To our knowledge, there is only one major study in which T was measured directly when FT was separated by ED (23). Although the work was meticulously performed, T was measured by a direct RIA using 125I-T as tracer, and the method was not validated against a criterion (gold) standard method. All of the other communications in which FT was measured by ultrafiltration or ED used the indirect method. Thus, when FT obtained by ED is compared with other methods, we are considering studies that use the indirect method. Otherwise, studies that measure FT do so by calculating it, using a surrogate for it [either the free androgen index (FAI) or bio-T], or a direct assay for FT. There is considerable confusion in the use of terms. For example, the term FT was used when what was reported was a surrogate (24, 25) or the calculated FAI was specified in the title and then reported as FT in nmol/liter (26).
d. Measurement of bioavailable T (bio-T)
Bio-T is albumin bound plus FT, the fraction thought to be available to tissues. It is measured by adding 3H-T to serum and precipitating SHBG bound 3H-T with ammonium sulfate. The fraction of 3H-T not precipitated is used to calculate bio-T by multiplying by the TT obtained in a separate assay. Variations in precipitation and assay methodology makes comparison of results between different communications difficult (27). Furthermore, the concept itself may be misleading and confusing. Despite this, bio-T has been reported to correlate with FT by ED from fairly (28) to extremely well (29) and to be a useful index of some biological changes (28).
e. The Free Androgen Index (FAI)
The FAI is the unitless quotient T/SHBG and depends on appropriate measurements for T and SHBG. Therefore, there is a reasonable correlation between FAI and FT, particularly in women.

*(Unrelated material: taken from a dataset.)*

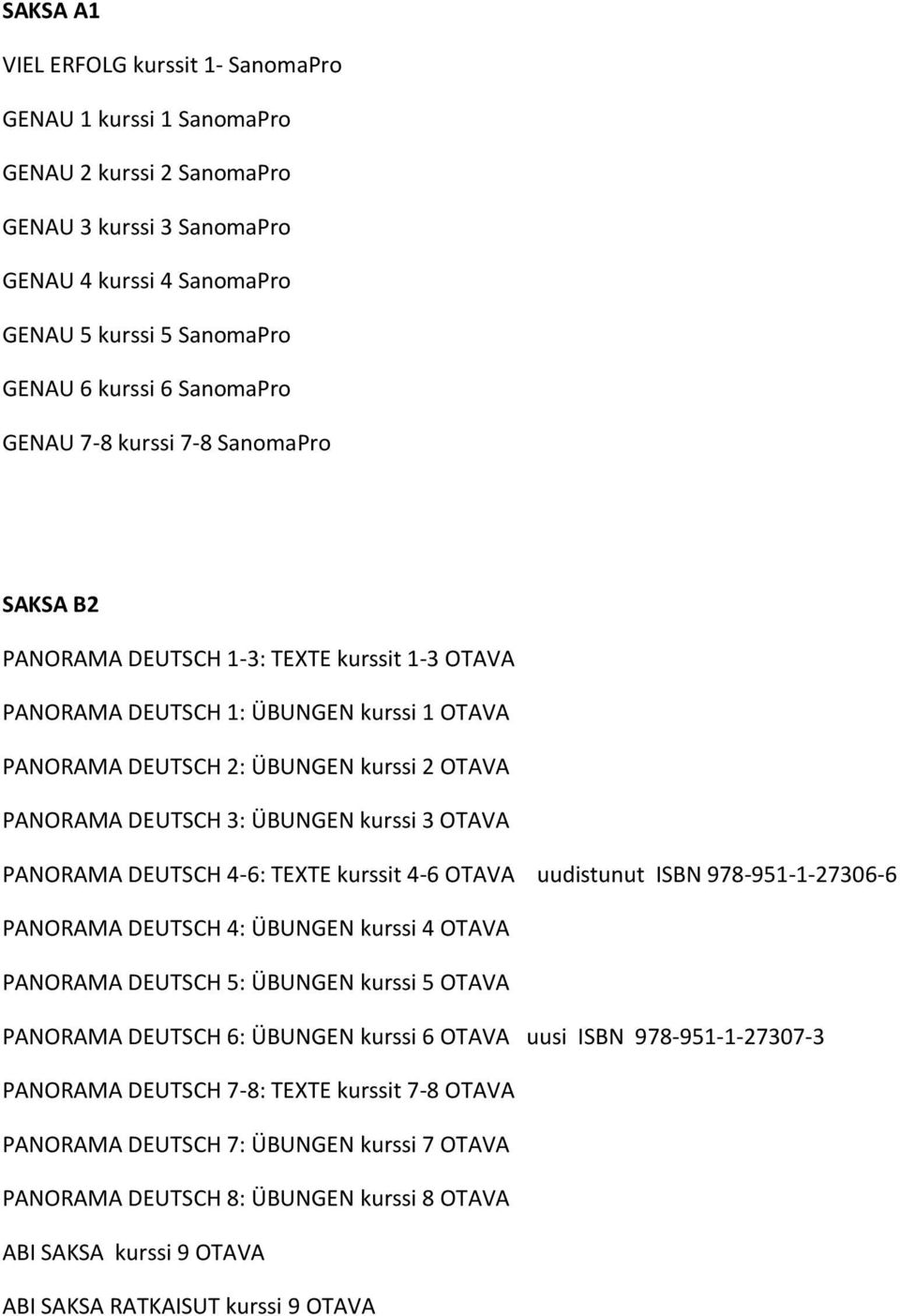 3: ÜBUNGEN kurssi 3 OTAVA PANORAMA DEUTSCH 4-6: TEXTE kurssit 4-6 OTAVA uudistunut ISBN 978-951-1-27306-6 PANORAMA DEUTSCH 4: ÜBUNGEN kurssi 4 OTAVA PANORAMA DEUTSCH 5: ÜBUNGEN kurssi 5 OTAVA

However, FT depends on not only the ratio but also the absolute concentration of both T and SHBG (30). Thus, the correlation will depend on these variables and will be biased, depending on the concentration of T as, at lower levels, measurements are less precise. This is illustrated by the range of correlations obtained by different investigators (29, 31, 32). Having measured both T and SHBG, FT should be calculated, which is easily done using a fixed formula in a spreadsheet or using a FT calculator (e.g. http://www.issam.ch/freetesto.htm).
f. One-step direct assay for FT
This assay, which uses an 125I-T analog, has been consistently found to be inaccurate (29, 32, 33), and its use is highly questionable.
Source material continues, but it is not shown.